I created a trim sheet using Max and Zbrush as prescribed in Tim's videos. I generated other maps from Substance Designer and channel packed my roughness, metallic, and AO. Nothing special, pretty generic. I then started making modular pieces from it in Maya and importing them into Unreal. I also created a mud material and a moss material in Designer to use for vertex blending, which would hopefully add variety and interest to generic modular pieces. I used a terrain with a second mud texture on it to add some thicker mud around.
Texture attempt #1:
This mud was created by removing the water puddles from the texture above, and raising the low spots a bit. Then changing the color a little. This was to be used for vertex blending where as the above was used on the terrain.
Environment attempt #1:
I had a few problems with this result.
1) It was too generic. I want to practice pushing trim sheets to their breaking point. I also want to create something that stands out from common generic ancient ruins type stuff. If the quality was higher, I would let the uninspired design slide. But I can't see this stuff being in God of War 4 or 5.
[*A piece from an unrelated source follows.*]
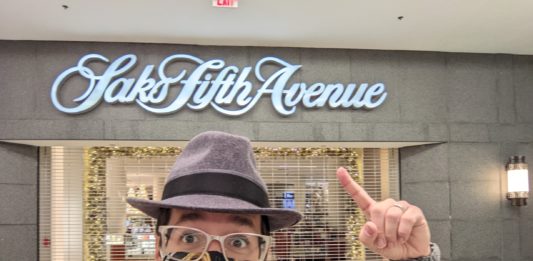 a man wearing a hat and face mask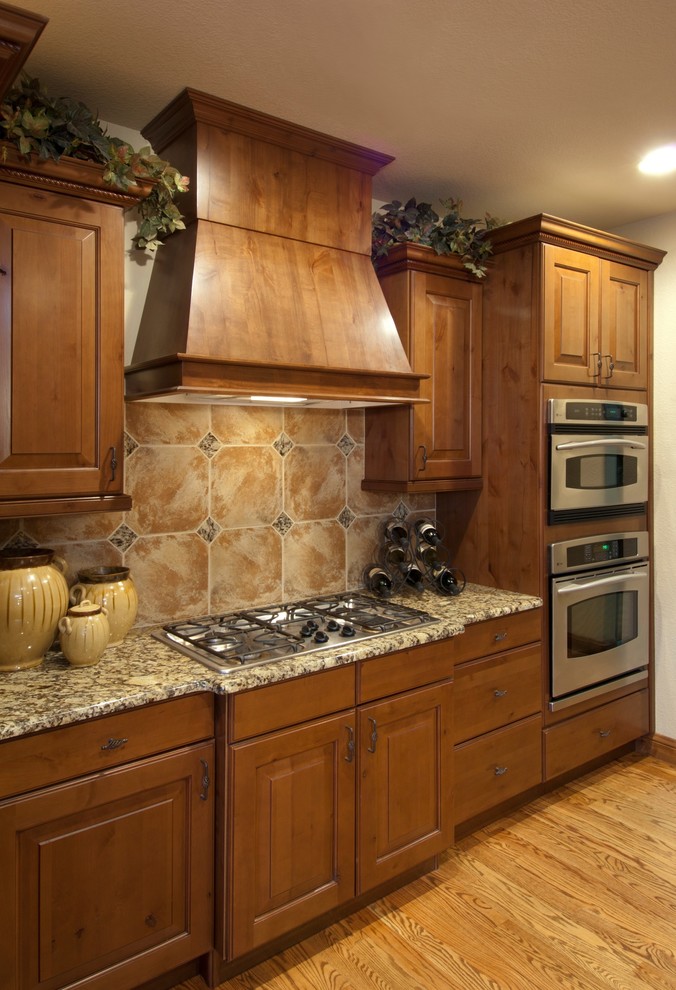 This is an example of a mid-sized arts and crafts u-shaped eat-in kitchen in Denver with a double-bowl sink, raised-panel cabinets, medium wood cabinets, granite benchtops, multi-coloured splashback, ceramic splashback, stainless steel appliances, medium hardwood floors and a peninsula.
2) I needed more support geometry for the vertex blending. And I was using just color blending, not height blending. This didn't look very convincing as mud build up in this damp environment. The lighting was seriously lacking as well.
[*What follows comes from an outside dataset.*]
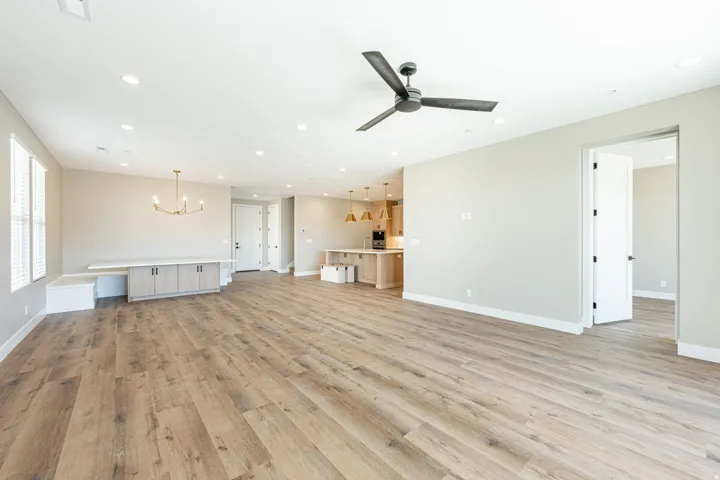 Spacious open-concept living area featuring wood-finish flooring, recessed lighting, and a contemporary ceiling fan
3) I wanted to make a pillar just to make a pillar, it wasn't really needed. The environment was cramped enough and the pillars just made it more claustrophobic. So I needed to make the area larger.
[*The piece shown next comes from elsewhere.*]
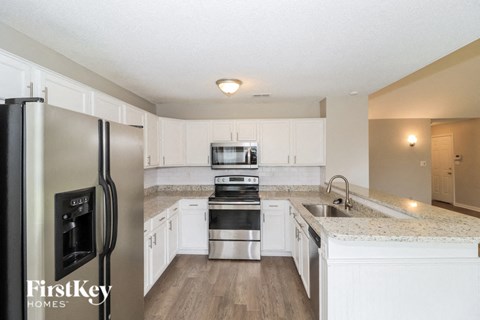 A kitchen with a refrigerator, sink, and cabinets.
I then started re-doing my modular pieces, trying to push the form a bit more. I stuck with an iterative process throughout. I wasn't working from concept art of any kind (which is a mistake I keep making). I was worried about losing focus so I tried to unify the design by picking out a certain motif and just repeating it over and over. I also didn't create any modular pieces unless I needed them. Where as before I was just making stuff and trying to find a place for it in the environment.
I still wasn't super happy with this. I had pushed it a little but was still sticking to very blocky and simple shapes. The old pillars and new fountain weren't jiving. So I went back to it.
I was struggling to nail down the lighting so I added some volumetric fog to carry the light into darker areas.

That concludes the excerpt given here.